*Task inputs*

+ + +

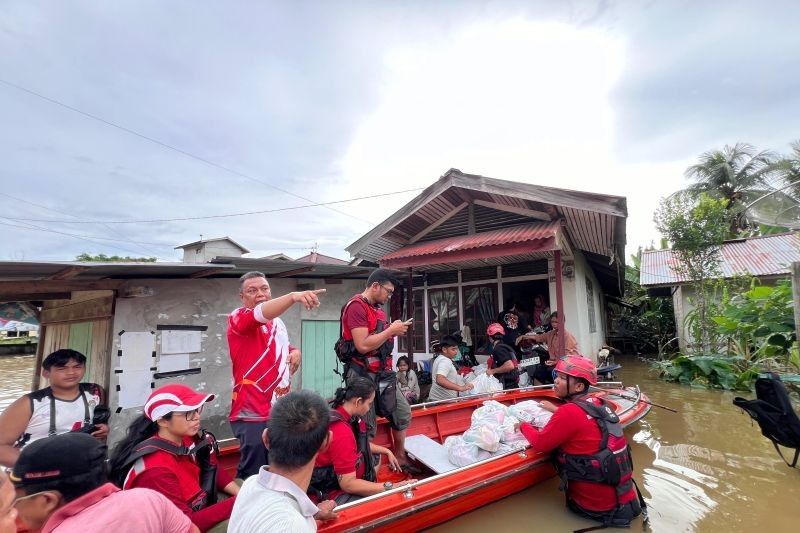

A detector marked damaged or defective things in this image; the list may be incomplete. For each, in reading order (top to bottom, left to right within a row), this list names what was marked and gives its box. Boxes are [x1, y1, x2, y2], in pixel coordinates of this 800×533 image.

+ + +

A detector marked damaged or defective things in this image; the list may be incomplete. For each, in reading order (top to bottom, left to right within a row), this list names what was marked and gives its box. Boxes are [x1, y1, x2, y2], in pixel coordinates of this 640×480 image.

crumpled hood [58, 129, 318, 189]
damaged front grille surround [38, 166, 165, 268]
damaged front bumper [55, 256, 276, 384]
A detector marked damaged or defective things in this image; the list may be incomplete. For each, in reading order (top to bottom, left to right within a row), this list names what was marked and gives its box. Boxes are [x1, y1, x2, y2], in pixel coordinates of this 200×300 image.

+ + +

*Work task*
Taking the entries above, write out exactly the lines starting with the line containing "this 640×480 image." and going on through the line containing "this 200×300 image.", both included, and nothing else.

*Output for this task*
A detector marked damaged or defective things in this image; the list may be incomplete. For each, in reading order (top to bottom, left to right within a row), this list names what was marked and gives its box. Boxes are [x1, y1, x2, y2], in pixel coordinates of this 640×480 image.

crumpled hood [58, 129, 318, 189]
damaged front grille surround [38, 166, 165, 268]
damaged front bumper [55, 256, 276, 384]
A detector marked damaged or defective things in this image; the list may be incomplete. For each, in reading order (top to bottom, left to right within a row), this list names what was marked and gives its box. Boxes are [x1, y1, x2, y2], in pixel coordinates of this 200×300 image.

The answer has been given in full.